Sir John Allum was the Chairman of the Auckland Harbour Bridge Authority from 1951, and Auckland Mayor from 1941-1953. He was passionate about the building of a bridge, which he promoted for many years before construction began.

Contract documents for the construction of the four lane bridge were signed on 29 October 1954 and work on the site began on 1 May 1955. Officials involved in the Bridge's construction included: Richard L Wilks, General Manager of the Auckland Harbour Bridge Authority; Wilfrid Cardno, Project Manager for the construction companies, Cleveland Bridge and Engineering Co.
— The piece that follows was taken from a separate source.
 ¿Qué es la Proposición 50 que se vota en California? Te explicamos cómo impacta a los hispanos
Ltd and Dorman Long; H.E. Whitehouse, resident engineer for Bridge designers Freeman, Fox and Partners.

The foundation tablet was unveiled by the Prime Minister, Rt. Hon C.H. Holland on 27 January 1956.
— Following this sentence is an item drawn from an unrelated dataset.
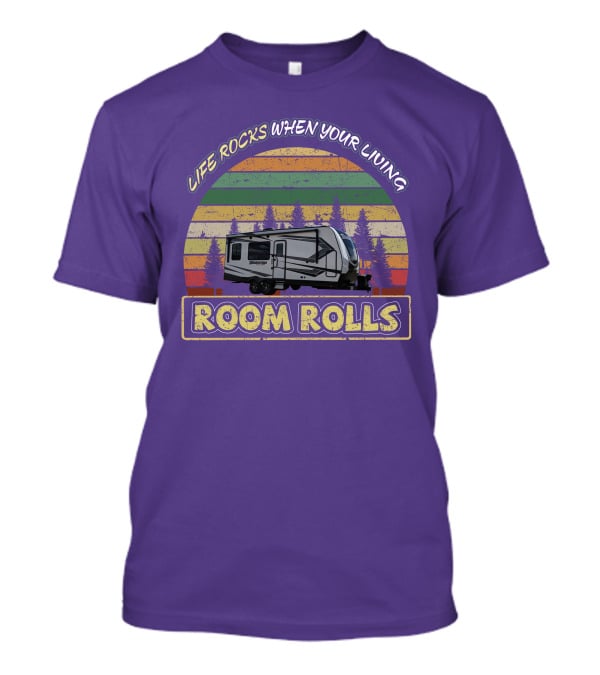 Life Rocks When Your Living Room Rolls Camper Vintage Sunset Forest T-Shirt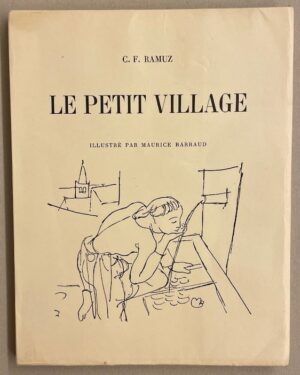 RAMUZ (C. F.) Le petit village. Genève, Imprimerie Kundig, 1939.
Public response to the Bridge varied, and the decision to go ahead was not welcomed by everyone. Once construction had started there was great interest in roadworks and progress of the Bridge. People invested in various public issues of the Auckland Harbour Bridge loan, with Sir John Allum reported as saying that "the authority never had the slightest difficulty in getting money".

In April 1959 the Bridge was complete 3 weeks ahead of schedule, and workers qualified for a bonus of around £30 each.  The first car to cross the bridge was on Friday 24 April, driven by Mr W. Cardno, project supervisor for the contractors. The Bridge was opened on Saturday 30 May 1959 by the Governor-General, His Excellency Lord Cobham, whose car made the first crossing that day. The ceremony was held on the Toll Plaza, at Sulphur Beach, with about 1000 guests in attendance. The Bridge Superintendent, Mr DG MacPherson made the first entry in the daily log book on opening day: “11.10 Bridge open. Good luck to you and God bless. May it never close”. The Bridge opened for traffic at 2.58pm, with Lady Allum collecting the first toll from Mr Frank Perry. 

Protests about paying tolls appeared in the paper even before the Bridge opened - the toll for a car was 2/6 (25 cents). However that didn’t seem to stop the volume of traffic – over 20,000 vehicles crossed the Bridge on the first day. One million vehicles had crossed the Bridge by mid-August, just eleven weeks after the Bridge’s opening.